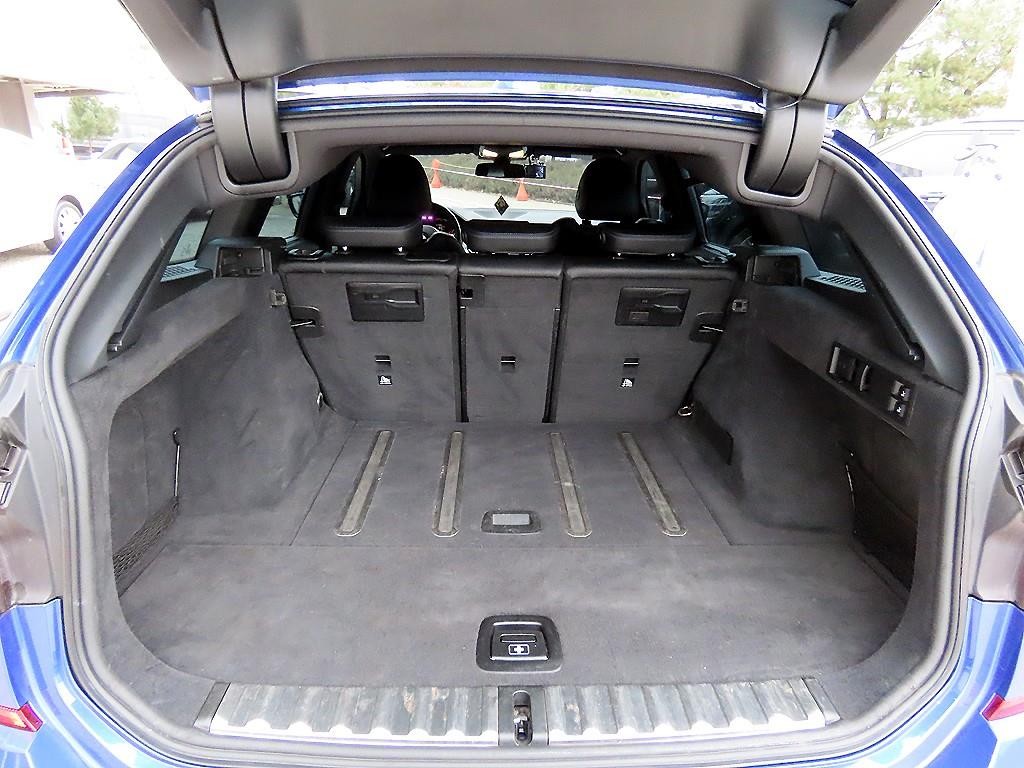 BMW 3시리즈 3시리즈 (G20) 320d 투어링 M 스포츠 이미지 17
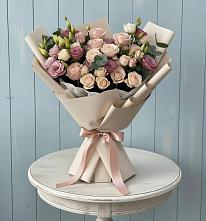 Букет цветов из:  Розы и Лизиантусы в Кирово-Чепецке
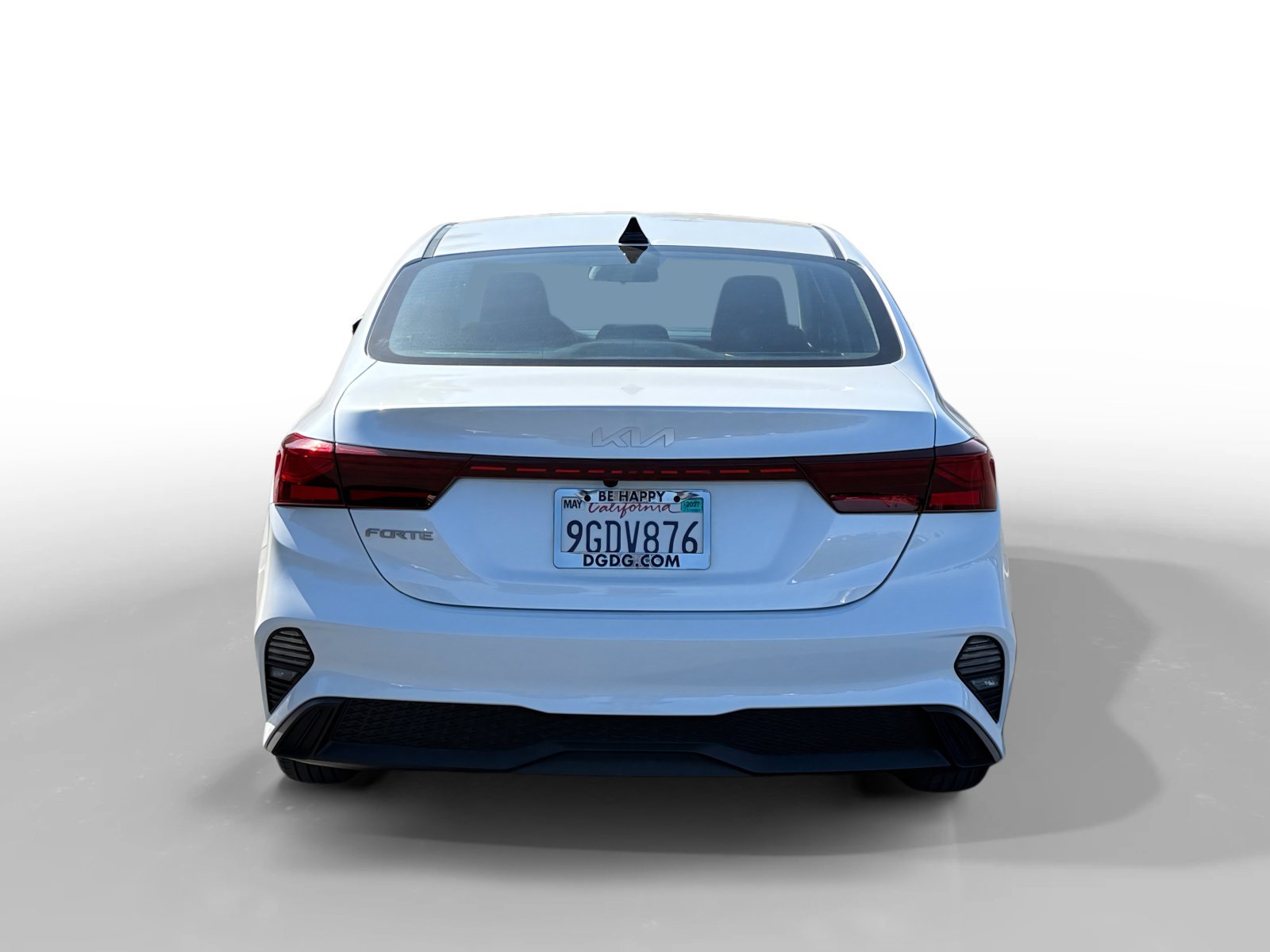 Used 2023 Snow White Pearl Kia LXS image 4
---
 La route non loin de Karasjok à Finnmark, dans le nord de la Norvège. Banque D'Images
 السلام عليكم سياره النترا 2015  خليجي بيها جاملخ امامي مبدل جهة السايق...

• **Directions for this task**:
Would you copy, word for word, only the lines above from the one containing "BMW 3시리즈 3시리즈 (G20) 320d 투어링 M 스포츠 이미지 17" through the one containing "Used 2023 Snow White Pearl Kia LXS image 4", both included, and please leave out the pictures?

• **Task solution**:
 BMW 3시리즈 3시리즈 (G20) 320d 투어링 M 스포츠 이미지 17
 Букет цветов из:  Розы и Лизиантусы в Кирово-Чепецке
 Used 2023 Snow White Pearl Kia LXS image 4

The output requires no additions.